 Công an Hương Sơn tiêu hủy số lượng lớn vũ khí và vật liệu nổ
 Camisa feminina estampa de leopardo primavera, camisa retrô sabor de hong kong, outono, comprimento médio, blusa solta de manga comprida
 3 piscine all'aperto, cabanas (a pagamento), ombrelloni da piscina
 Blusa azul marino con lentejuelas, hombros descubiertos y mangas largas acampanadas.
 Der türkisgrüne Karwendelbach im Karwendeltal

- - -

_EXERCISE OBJECTIVE_. Every line above is to be duplicated exactly as shown.

_RESPONSE_.
 Công an Hương Sơn tiêu hủy số lượng lớn vũ khí và vật liệu nổ
 Camisa feminina estampa de leopardo primavera, camisa retrô sabor de hong kong, outono, comprimento médio, blusa solta de manga comprida
 3 piscine all'aperto, cabanas (a pagamento), ombrelloni da piscina
 Blusa azul marino con lentejuelas, hombros descubiertos y mangas largas acampanadas.
 Der türkisgrüne Karwendelbach im Karwendeltal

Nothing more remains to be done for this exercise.